“Lo que llamamos felicidad es un sistema neural que reorganiza el cerebro cuando hay un error de predicción—cuando las cosas son más grandes, más lindas, más jugosas o más atractivas de lo que esperábamos”.
—David Pinsof
Según la neurociencia moderna, la felicidad no es un estado permanente, sino una señal de aprendizaje. Cada vez que el mundo nos sorprende positivamente —cuando algo resulta mejor de lo que anticipábamos—, el cerebro responde con una ráfaga de dopamina. Esa descarga no solo produce placer: reescribe nuestras expectativas. Ajusta el modelo interno con el que anticipamos lo que vendrá.
En términos simples, la felicidad es el eco biológico de un error de predicción positivo. No somos felices porque las cosas sean buenas, sino porque fueron mejores de lo que esperábamos. Y una vez que se repiten, dejan de serlo. La sorpresa se amortigua, la curva del placer se aplana. El cerebro se adapta, y el milagro pierde brillo.
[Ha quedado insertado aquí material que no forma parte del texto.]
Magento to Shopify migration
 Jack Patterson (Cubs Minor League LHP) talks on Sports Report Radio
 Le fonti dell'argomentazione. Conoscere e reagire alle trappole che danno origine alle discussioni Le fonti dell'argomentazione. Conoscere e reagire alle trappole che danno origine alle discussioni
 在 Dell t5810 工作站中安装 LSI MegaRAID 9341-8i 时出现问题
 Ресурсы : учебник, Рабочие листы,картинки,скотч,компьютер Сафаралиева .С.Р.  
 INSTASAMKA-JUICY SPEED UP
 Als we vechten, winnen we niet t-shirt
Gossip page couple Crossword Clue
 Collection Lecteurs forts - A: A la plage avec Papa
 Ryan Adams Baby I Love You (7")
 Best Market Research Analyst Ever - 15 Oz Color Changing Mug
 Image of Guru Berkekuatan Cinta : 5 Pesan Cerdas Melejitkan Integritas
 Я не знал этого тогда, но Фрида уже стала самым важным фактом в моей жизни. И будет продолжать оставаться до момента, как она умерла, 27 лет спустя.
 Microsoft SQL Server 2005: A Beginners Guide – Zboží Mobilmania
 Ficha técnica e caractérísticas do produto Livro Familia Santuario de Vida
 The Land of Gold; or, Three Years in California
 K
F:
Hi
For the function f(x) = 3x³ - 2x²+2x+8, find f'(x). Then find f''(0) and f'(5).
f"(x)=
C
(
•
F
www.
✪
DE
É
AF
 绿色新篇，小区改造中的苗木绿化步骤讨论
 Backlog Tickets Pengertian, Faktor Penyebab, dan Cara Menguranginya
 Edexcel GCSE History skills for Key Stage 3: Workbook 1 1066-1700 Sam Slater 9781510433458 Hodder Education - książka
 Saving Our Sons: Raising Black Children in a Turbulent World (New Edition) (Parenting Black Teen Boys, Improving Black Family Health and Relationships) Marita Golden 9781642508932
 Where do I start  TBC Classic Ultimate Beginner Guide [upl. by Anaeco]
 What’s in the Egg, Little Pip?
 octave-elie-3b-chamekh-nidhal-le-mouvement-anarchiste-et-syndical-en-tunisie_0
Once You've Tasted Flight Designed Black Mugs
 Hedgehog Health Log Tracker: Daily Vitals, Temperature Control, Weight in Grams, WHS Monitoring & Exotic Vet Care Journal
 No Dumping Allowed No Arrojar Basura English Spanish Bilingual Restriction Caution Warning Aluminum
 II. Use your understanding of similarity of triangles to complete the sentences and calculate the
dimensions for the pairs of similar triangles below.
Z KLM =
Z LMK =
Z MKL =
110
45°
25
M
Este mecanismo explica tanto el entusiasmo del hallazgo como la fatiga del hábito. Explica por qué el deseo se renueva sin cesar, por qué lo que ayer nos bastaba hoy nos resulta trivial. La felicidad no es una meta alcanzable, sino un proceso de reajuste constante entre lo que creemos saber y lo que el mundo nos concede.
Vista así, la felicidad es una medida de la diferencia entre realidad y expectativa, un pulso que solo se enciende cuando la vida desobedece nuestros cálculos. Su intensidad depende menos de lo que ocurre y más de cuánto nos sorprende. No es abundancia, sino desvío; no estabilidad, sino error.
Pero en ese error también habita algo profundamente humano: la capacidad de asombro, la flexibilidad de un sistema nervioso que aprende, la posibilidad de seguir siendo sorprendidos. Tal vez ahí radique el sentido evolutivo y existencial de la felicidad —no en poseer, sino en no dejar de descubrir.
Si la felicidad es una función del error, ¿qué queda de ella cuando ya nada nos sorprende?